Each spring I like to attempt, again, to do something with artichokes. I purchased a couple of artichokes for Easter then forgot I had them until I discovered them in the crisper last night. They were a little past their prime so I was forced to do something with them this evening.
The first time I ever really learned about how to prepare an artichoke was from Jacques Pepin. He had a show on PBS when I was in culinary school and my mother used to watch it all the time.
I don't think this is the actual video I saw as it is undated but it was something very similar to this. Artichokes always worried me so this video gave me the kick in the pants to try preparing them. I never really got the hang of it and every time I make artichokes I always imagine Jacques Pepin's ghost hovering over me and shaking his head in disappointment.
This is very unusual especially considering the fact that Jacques Pepin is still alive.
I took out all the items in my fridge that I was tired of looking at and decided, after steaming the cleaned artichokes, that I would prepare each halved artichoke in a different way. This would maximize the amount of ingredients I was able to clear out of the fridge, freezer, and pantry.
The first artichoke I made with some leftover tasso, cornbread, and cotija cheese with a little melted butter and smoked paprika. This was Jen's favorite as it incorporated cornbread in a stuffing form which is one of her greatest culinary pleasures.
For the second artichoke I used the remaining pesto from last night, some roast chicken from Sunday's dinner, sliced grape tomato, toasted and crumbled rosemary bread, and shaved Robusto cheese.
The third artichoke was filled with rice, kidney beans, cilantro, smoked paprika, cumin, feta, and a little lime juice.

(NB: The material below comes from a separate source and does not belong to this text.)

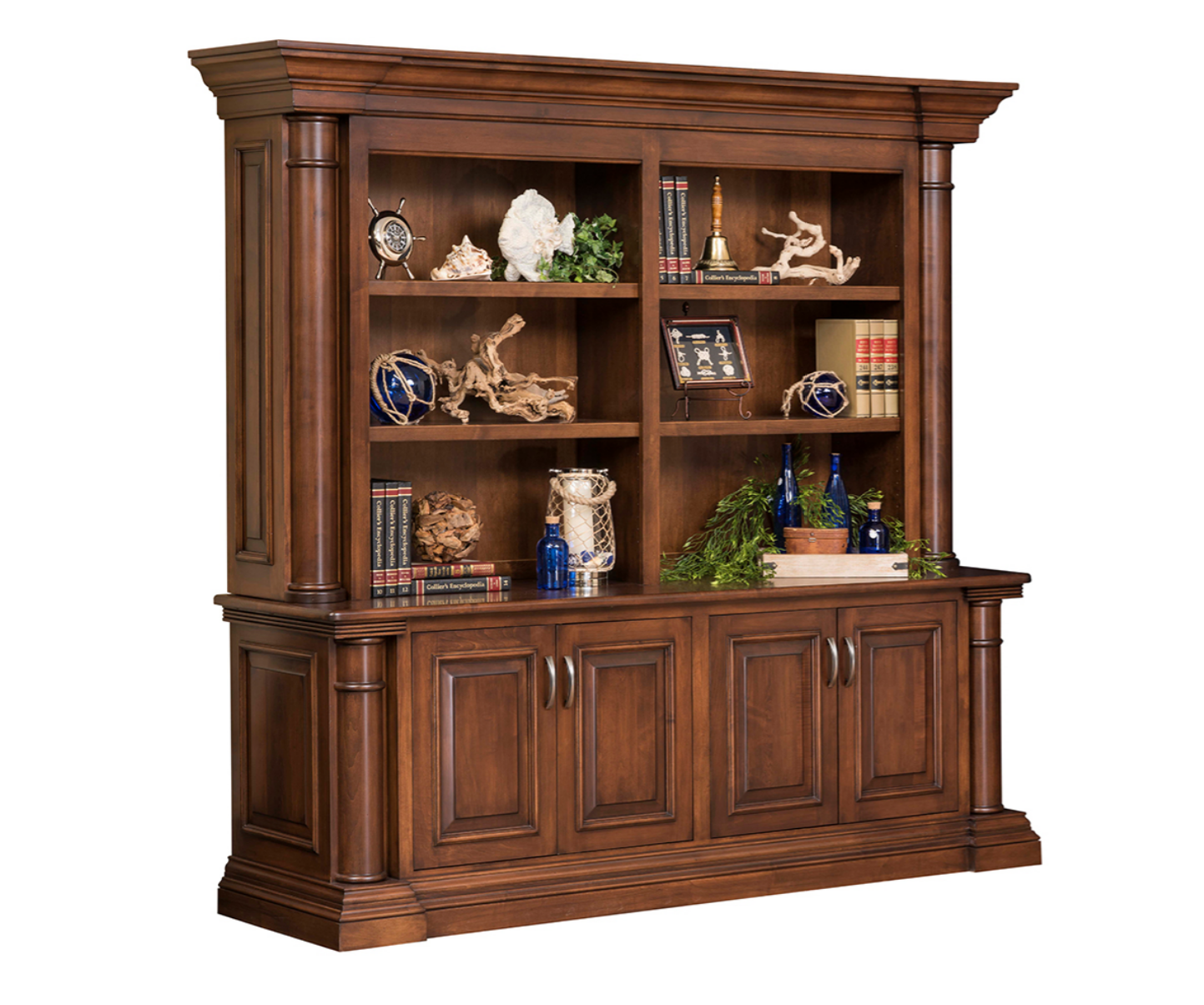 Double Door and Bookshelf Hutch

I served the last artichoke simply with a poached egg, a drizzle of lemon juice, some cracked black pepper, and truffle salt. I gave this one to Jen first to get it out of the way since she has a strong dislike for eggs, particularly of the poached variety.
To wash down this odd collections of poorly-prepared artichokes I selected the blonde beer from Boréale that's we'd picked up on our weekend jaunt to Montreal. I don't know what the prescribed beer pairing for artichokes generally is but since there was no real theme tying these artichokes together it worked out just fine.